--- PROVIDED MATERIAL ---
——

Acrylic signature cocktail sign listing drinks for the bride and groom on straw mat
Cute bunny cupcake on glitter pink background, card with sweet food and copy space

——

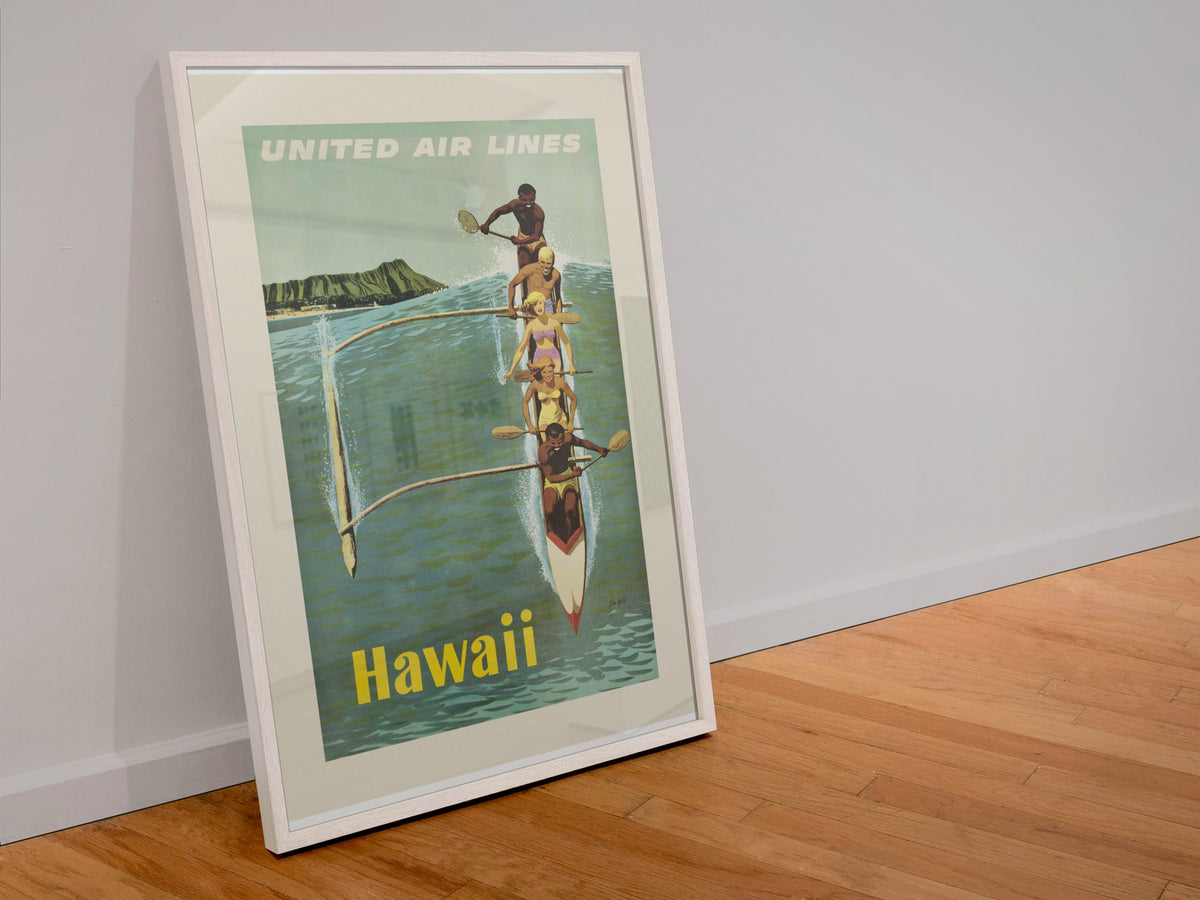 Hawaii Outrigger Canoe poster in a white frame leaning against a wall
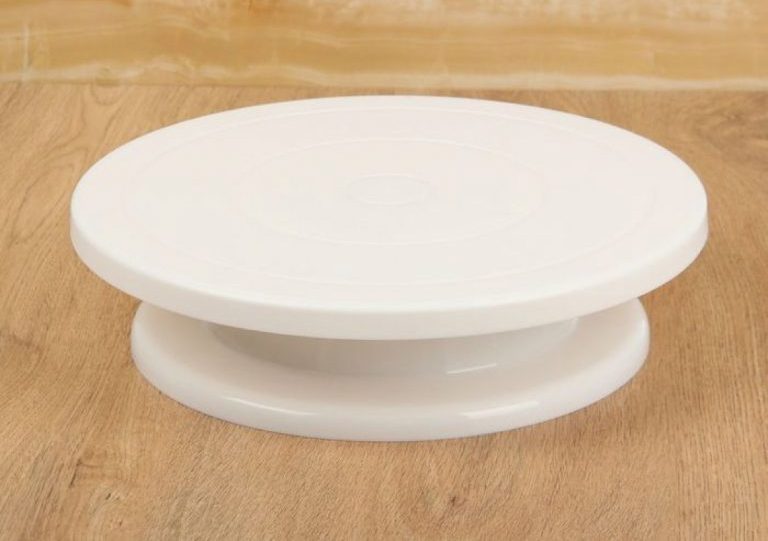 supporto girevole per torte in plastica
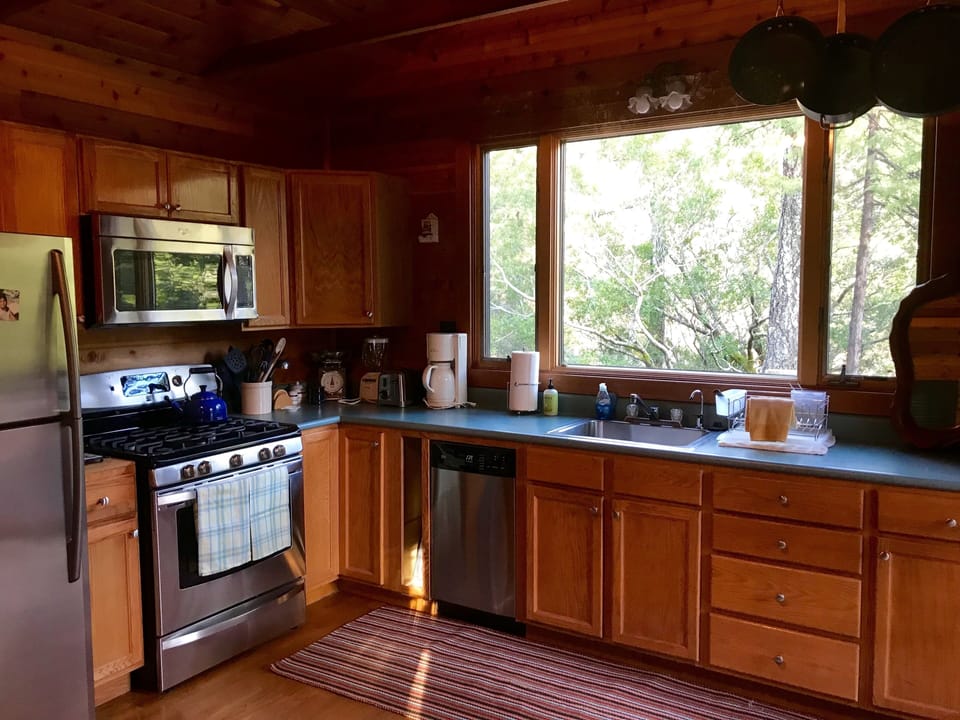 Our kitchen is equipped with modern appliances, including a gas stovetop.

——

--- DIRECTIONS FOR THIS TASK ---
Taking the entries above, restate exactly those lines that fall between the line with "Acrylic signature cocktail" and the line with "Cute bunny cupcake", keeping both of those lines too.

--- TASK RESPONSE ---
Acrylic signature cocktail sign listing drinks for the bride and groom on straw mat
Cute bunny cupcake on glitter pink background, card with sweet food and copy space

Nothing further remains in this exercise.